Brima Sesay

Personal information
- Full name: Brima Sesay
- Date of birth: January 27, 1981
- Place of birth: Kenema, Sierra Leone
- Date of death: April 4, 2009 (aged 28)
- Position(s): Goalkeeper

Senior career*
- Years: Team / Apps / (Gls)
- 1996–2009: Ports Authority F.C.

International career
- 2001–2003: Sierra Leone / 10 / (0)

= Brima Sesay =

Sierra Leonean footballer

Brima Sesay (born 27 January 1981 in Kenema, Sierra Leone – died on April 4, 2009) nicknamed Small Attouga, was a Sierra Leonean international goalkeeper. Sesay played for Ports Authority F.C. in the Sierra Leone National Premier League and for the Sierra Leone national football team known as the Leone Stars. He was one of the best young goalkeepers in Sierra Leone.

==Early life==
Sesay was born in Kenema, Sierra Leone to Temne parents. Although born in Kenema, he moved to the capital city of Freetown at a young age.

==Career==
Small Attouga, as he was commonly called, was recruited into active football by his late boss Brima Attouga Kamara, a former goalkeeper for Sierra Leone national football team. Having been initiated into active football, small attouga made a name for himself while playing in a series of junior league competitions played all over Freetown. He won several best goalkeeper awards with youth clubs like Blackhall Strikers, Junior Cenegal, and Best Contractors.
In 1992, Brima Attouga Kamara brought him to Ports Authority F.C. youth team.

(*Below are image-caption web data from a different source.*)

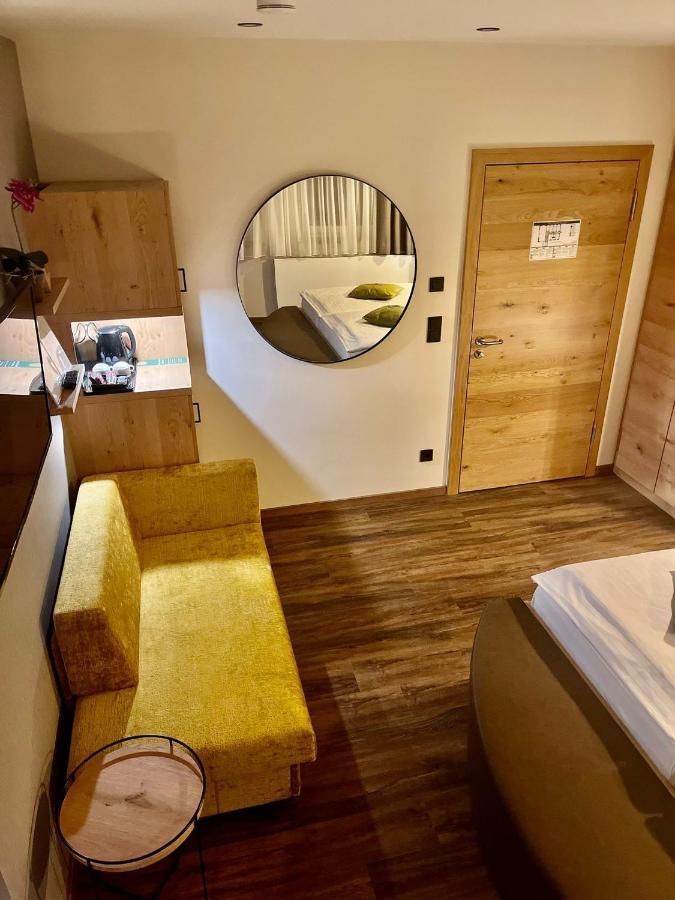 Hotel Gasthof Metzgerei Drei Linden Fulda Esterno foto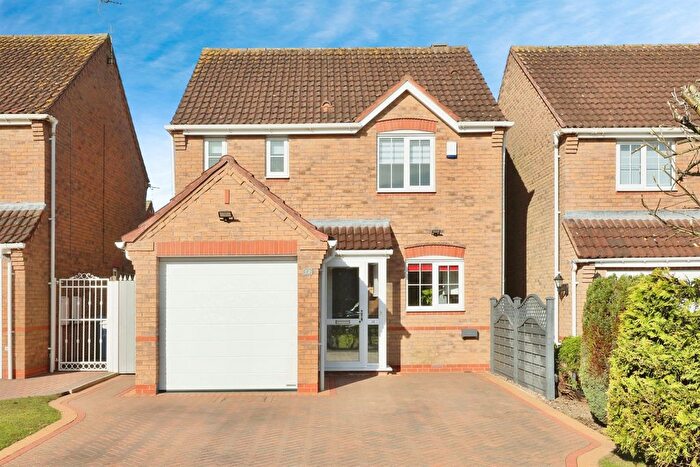 3 Bedroom Detached House For Sale In Alpine Court, Worksop, S80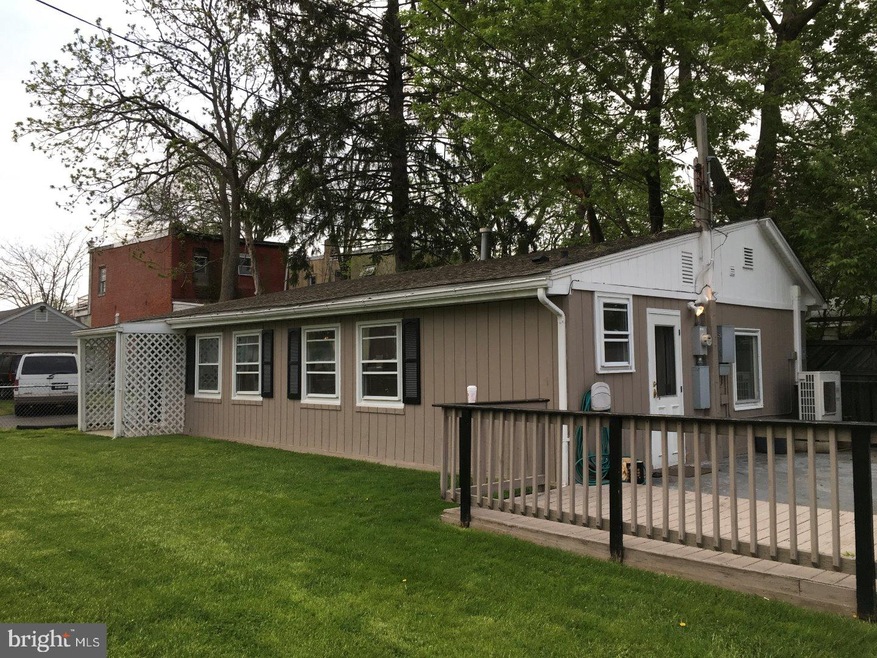 509 Jansen Ave, Essington, PA 19029 - photo 1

In 1996, he was promoted from the youth team, to the senior squad. However, his tiny physical appearance did no good during that time to convince his coach to become the club first choice goalkeeper.

In 1997, Small Attouga was outstanding in goal in an international friendly against a top Liberian side Invincible Eleven. His performance in that match was enough to prove to his critics that he indeed deserved to be the club first choice goalkeeper. And from that time, he had excelled as Ports Authority first choice goalkeeper, and as well as one of the best goalkeepers in Sierra Leone.

==International career==
He made his senior debut for Sierra Leone in 2001.

==Death==
He died of unspecified causes In April 2009. His funeral was held in Freetown and was attended by several prominent Sierra Leonean footballers, including the country's most popular footballer Mohamed Kallon.